##### Given records #####

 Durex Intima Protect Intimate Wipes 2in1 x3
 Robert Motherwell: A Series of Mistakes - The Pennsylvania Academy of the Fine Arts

#####
##### Given records #####

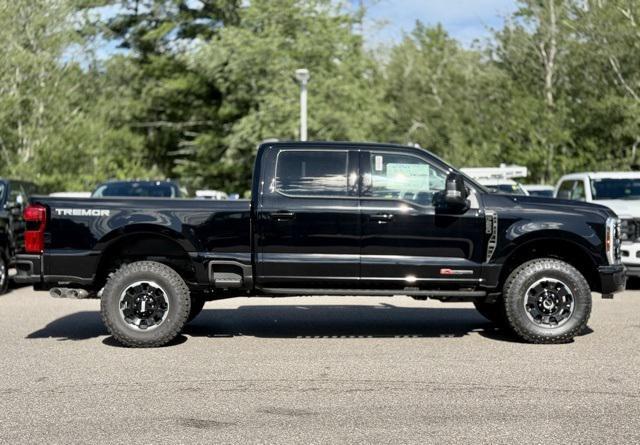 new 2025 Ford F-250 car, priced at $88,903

#####

» **Work task**: Taking the line with "Durex Intima Protect Intimate Wipes 2in1 x3" as the first and the line with "Robert Motherwell: A" as the last, retype that stretch of the data above exactly, with no other lines.

» **Solution to the exercise**:
 Durex Intima Protect Intimate Wipes 2in1 x3
 Robert Motherwell: A Series of Mistakes - The Pennsylvania Academy of the Fine Arts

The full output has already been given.